Stored items from a collection:

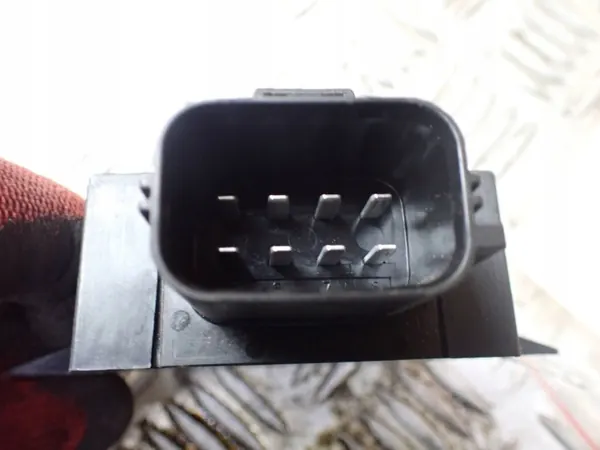 Módulo Bomba Combustível Jaguar F-Pace OEM FK729D370AE image 3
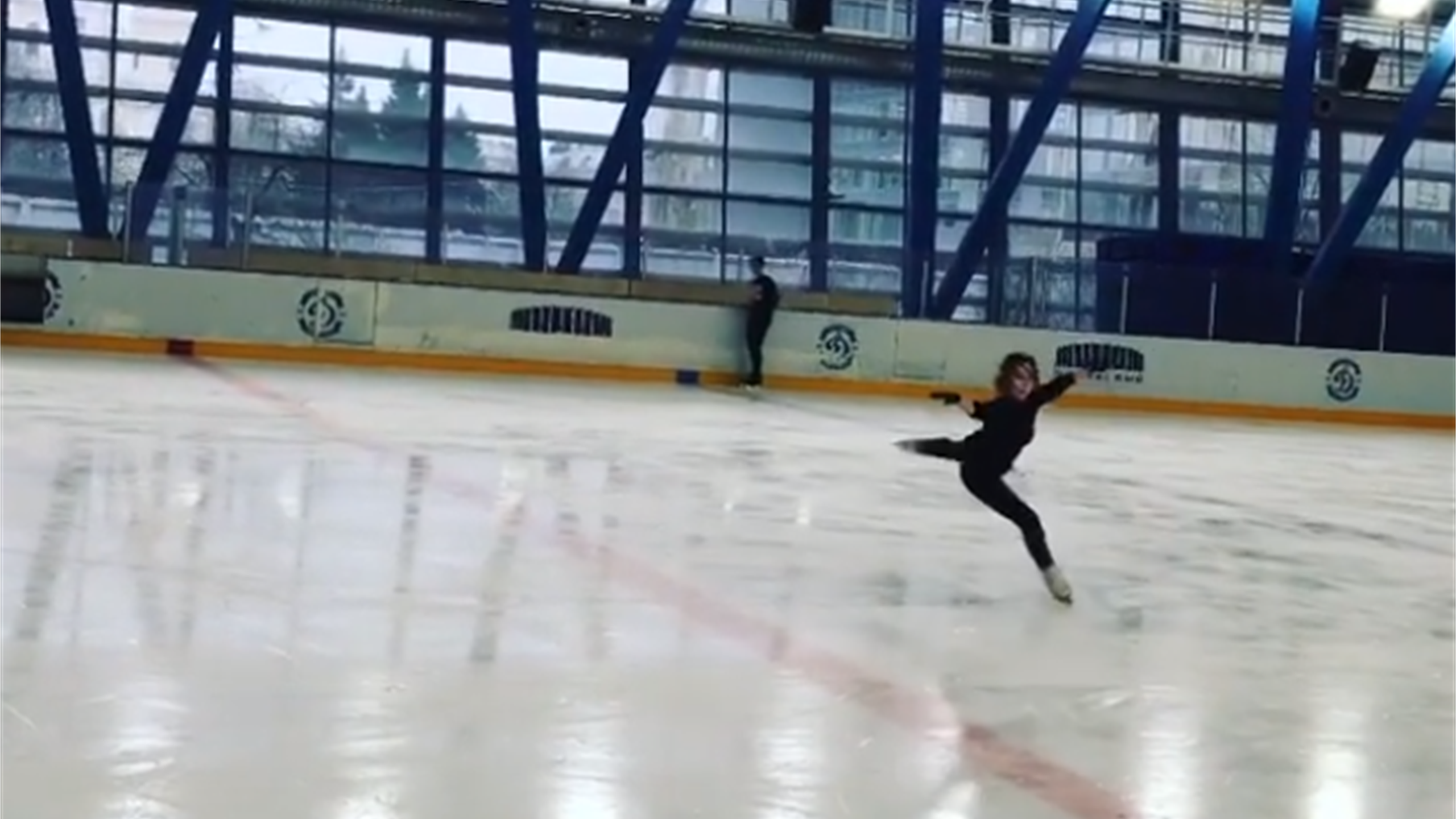 Тулуп большой спорт. Туктамышева четверной тулуп. Александра Трусова четверной тулуп. Тулуп на катке. Двойной тулуп.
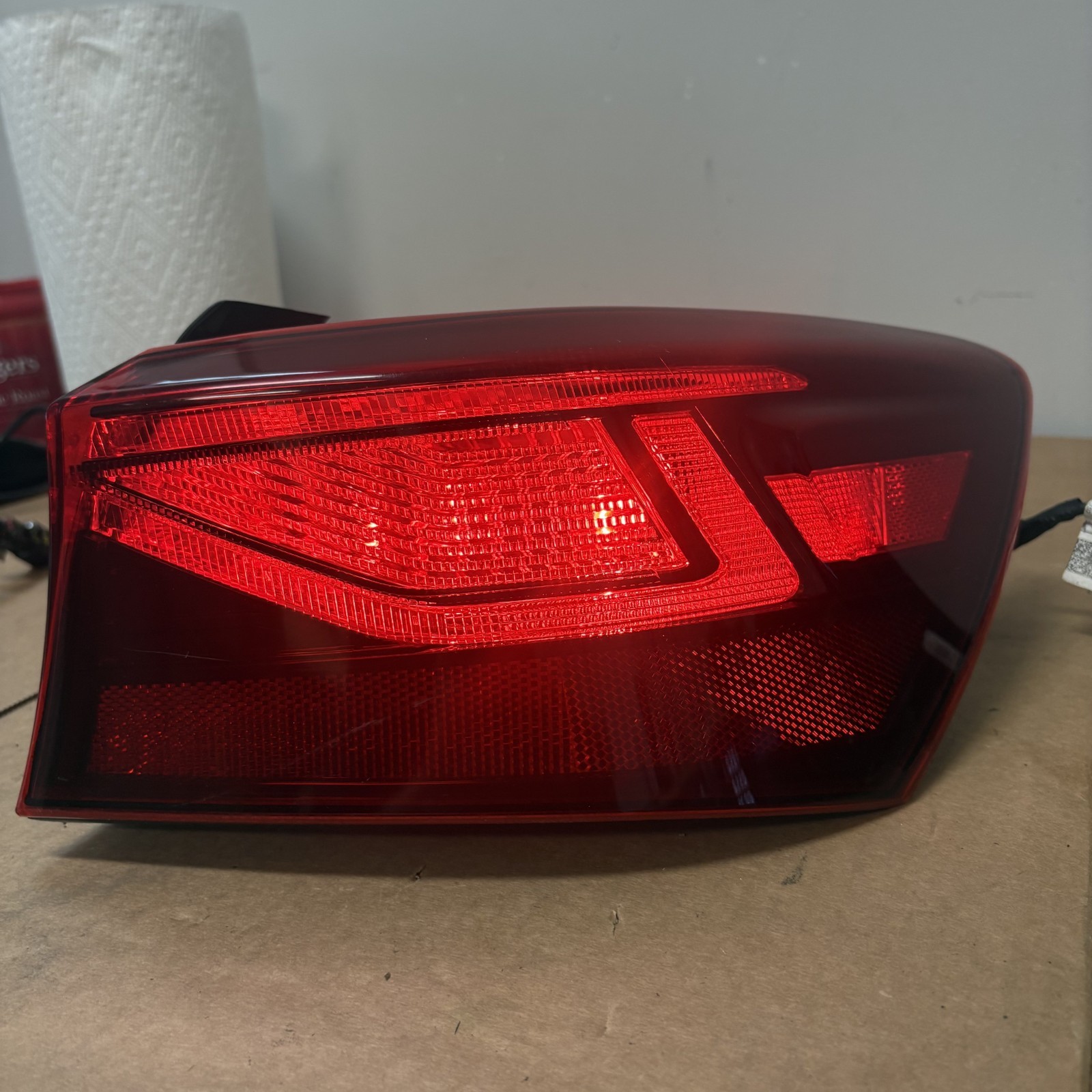 2019-2021 Kia Forte RH Outer Tail Light OEM 92402-M7000 Passenger Side
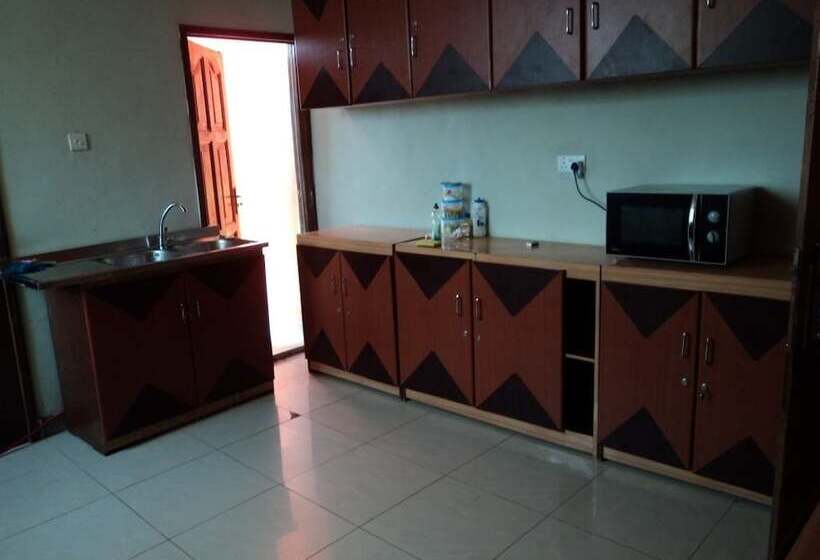 هتل Faculty Apartments & Hostels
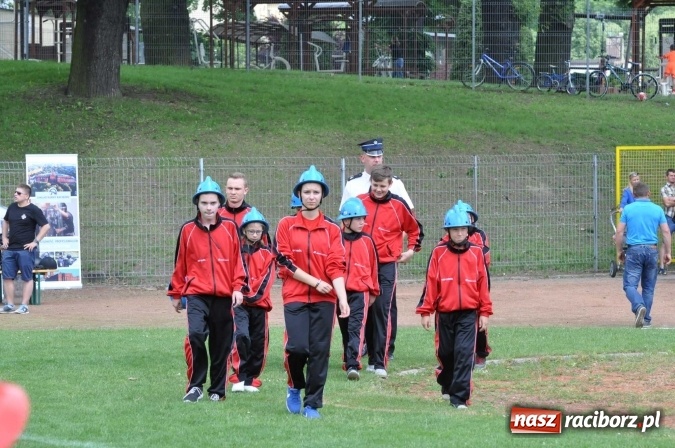 Zdjęcie w galerii na portalu naszraciborz.pl: Strażacy ochotnicy z Raciborza rywalizują na stadionie OSiR. Stawką Puchar Prezydenta wiadomości z regionu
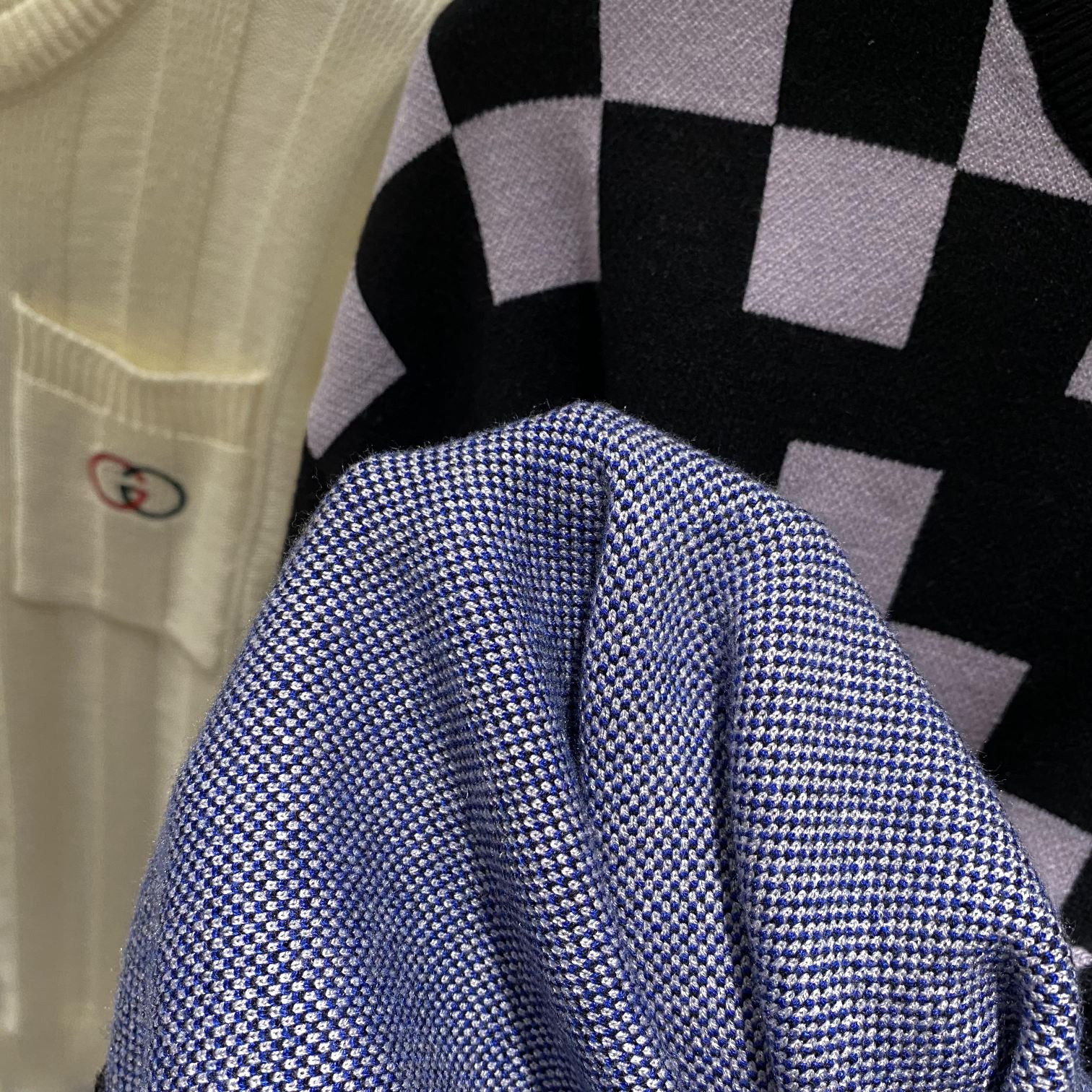 P220 LOUIS VUITTON 秋冬新款LV路易家族拼色Logo嵌花圆领套头针织衫,走秀款复古圆领毛衣,男女同款极简的毛衣构造,采用细腻的针织手法打造,细节品质永远的那么完美无瑕,创意设计层出不穷。今年秋冬季节没有入手几件路易你算不上时尚达人。
路易今年的主打系列产物,一目了然的设计方式,提花LOGO点缀,青春感,高街感都是十分到位。下摆撞色拼接设计,上身简约,大方,看点十足,这种经典的元素,早就是路易家族图腾般的存在,上身一眼便知规格与段位所在,搭配效果更是显而易见,妥妥的高级产物,无与伦比的魅力,要时尚有时尚,要档次有档次,要性能有性能,说实话,真的是没有一点可以拒绝的理由,上身立马高级有型,品牌代表性十分强烈,假如你喜爱路易的话,那么这种极具品牌属性的单品不能错过!!
尺码:M-XXL 
M码   胸围110 肩宽50 袖长57 衣长64
L码  胸围114 肩宽51 袖长58 衣长65
XL码   胸围118 肩宽52 袖长59 衣长66
XXL码 胸围122 肩宽53 袖长61 衣长68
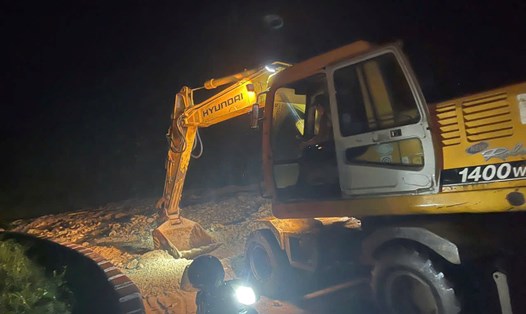 Lực lượng chức năng ở Quảng Ngãi xuyên đêm khắc phục sạt lở trên Quốc lộ 24C. Ảnh: Trọng Quốc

* **Work to be completed**:
Beginning with the line that contains "P220 LOUIS VUITTON", output every line down to the last line of the entries above exactly as written, apart from the pictures.

* **Written answer**:
 P220 LOUIS VUITTON 秋冬新款LV路易家族拼色Logo嵌花圆领套头针织衫,走秀款复古圆领毛衣,男女同款极简的毛衣构造,采用细腻的针织手法打造,细节品质永远的那么完美无瑕,创意设计层出不穷。今年秋冬季节没有入手几件路易你算不上时尚达人。
路易今年的主打系列产物,一目了然的设计方式,提花LOGO点缀,青春感,高街感都是十分到位。下摆撞色拼接设计,上身简约,大方,看点十足,这种经典的元素,早就是路易家族图腾般的存在,上身一眼便知规格与段位所在,搭配效果更是显而易见,妥妥的高级产物,无与伦比的魅力,要时尚有时尚,要档次有档次,要性能有性能,说实话,真的是没有一点可以拒绝的理由,上身立马高级有型,品牌代表性十分强烈,假如你喜爱路易的话,那么这种极具品牌属性的单品不能错过!!
尺码:M-XXL 
M码   胸围110 肩宽50 袖长57 衣长64
L码  胸围114 肩宽51 袖长58 衣长65
XL码   胸围118 肩宽52 袖长59 衣长66
XXL码 胸围122 肩宽53 袖长61 衣长68
 Lực lượng chức năng ở Quảng Ngãi xuyên đêm khắc phục sạt lở trên Quốc lộ 24C. Ảnh: Trọng Quốc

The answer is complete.